Так и должно быть: правосудие борется с преступлением против национальной России, и новое знамя, выставленное злоумышленниками, честного судью не смутит. Послушаем же — эхо это или живой голос Солженицына: «Когда насилие врывается в мирную людскую жизнь — его лицо пылает от самоуверенности, оно так и на флаге несет и кричит: «Я — Насилие! Разойдитесь, расступитесь — раздавлю!» Но насилие быстро стареет, немного лет — оно уже не уверенно в себе и, чтобы держаться, чтобы выглядеть прилично, непременно вызывает к себе в союзники Ложь.

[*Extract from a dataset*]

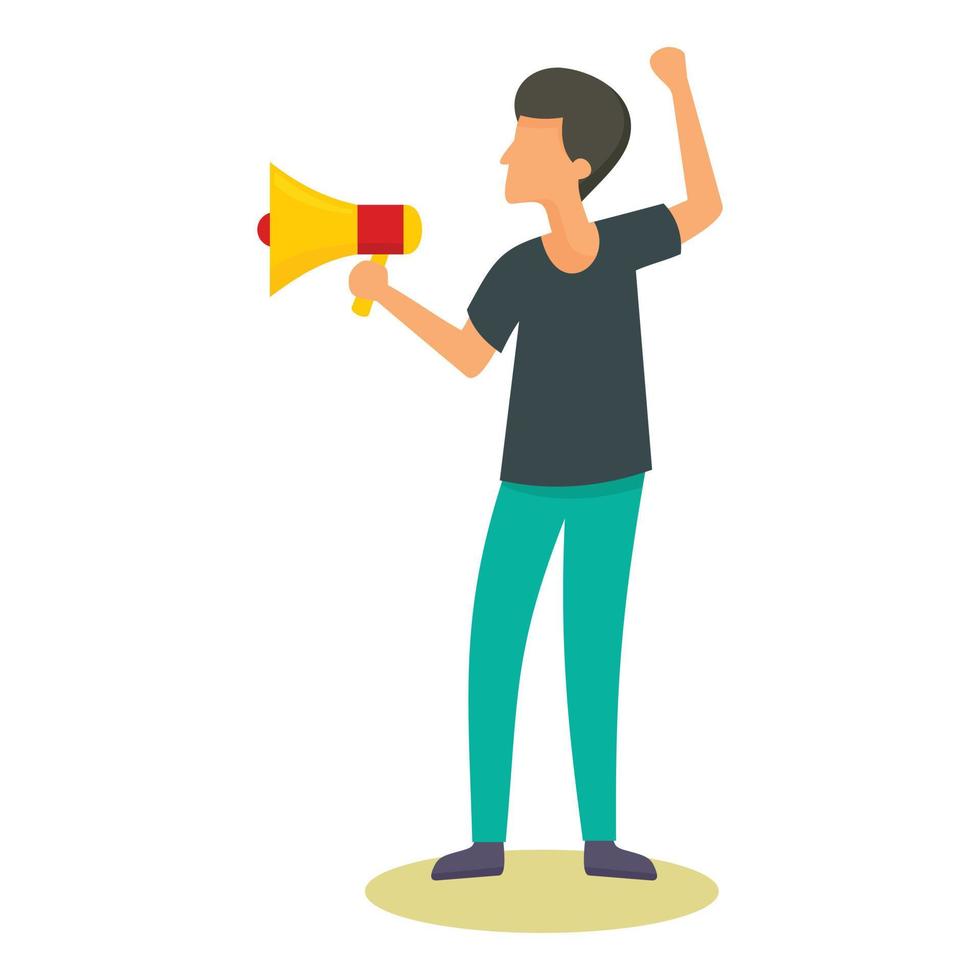 Man speak in megaphone icon, flat style vector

Ибо: насилию нечем прикрыться, кроме лжи, а Ложь может держаться только насилием» . «Против многого в мире может выстоять ложь — но только не против искусства. А едва развеяна будет ложь, отвратительно откроется нагота насилия — и насилие дряхлое падет» . Нет, это не перелицованный Солженицын — все тот же, клеймящий зло, какие бы ипостаси оно не принимало. А вот это совсем любопытно — несмотря на некоторые старые обозначения: «Один американский дипломат воскликнул недавно: «Пусть на русском сердце Брежнева работает американский стимулятор!» Ошибка, надо было сказать: «на советском».

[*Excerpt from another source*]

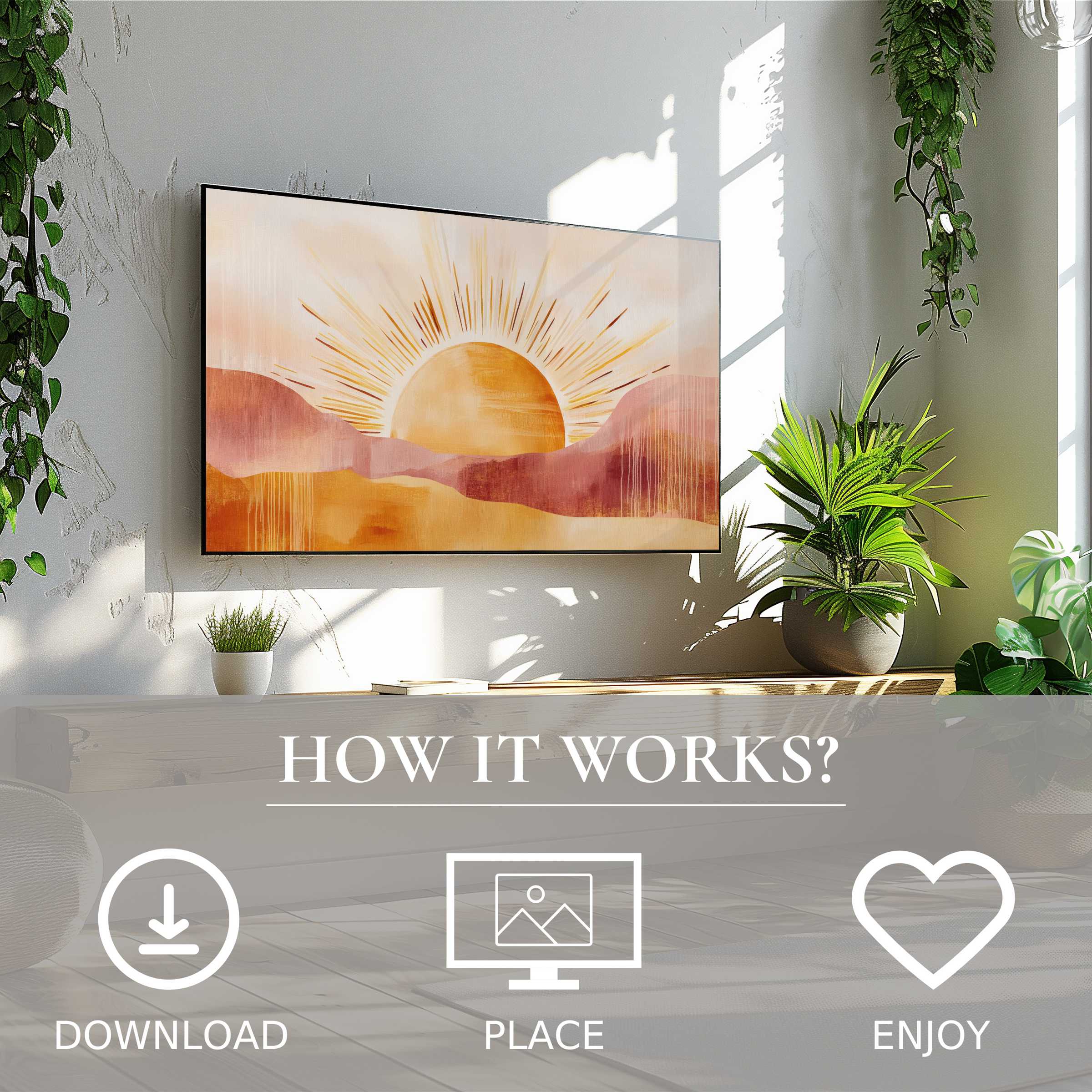 Boho art for Samsung TV with soft sunset tones, easy digital download that brightens and modernizes your living space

Не одним происхождением определяется национальность, но душою, но направлением преданности. Сердце Брежнева, попускающего губить свой народ в пользу международных авантюр, не русское» . В точку.
Возвращение Александра Исаевича на многострадальную Родину, начавшееся четыре года назад, окончательно завершилось только недавно, с выходом книги «Россия в обвале» , теперь можно сказать, что после 20-летнего отсутствия Солженицын снова врос в Россию и занял по принадлежащему ему нравственному влиянию, а с ним отныне совпадает и угадывание почвенных токов, первое место в России, избрав его в отдалении от всех политических партий, на перекрестке дорог, ведущих в глубинку, где остается надежда на народовластие, которое понимает он под земством. Опять же: не со всем и в последней книге можно согласиться безоговорочно. Но это отдельный разговор. Это отдельное размышление, и оно снова не обошлось бы без Толстого, который, конечно же, не добивался ни Февраля, ни Октября, но своими громогласными отрицаниями основ современной ему монархической жизни невольно подставил им плечо. Это размышление о подготавливании словно бы самим народом и словно бы вперекор своим ближайшим интересам великих нравственных авторитетов, чье влияние и учение согласуется с дальней перспективой отечественной судьбы.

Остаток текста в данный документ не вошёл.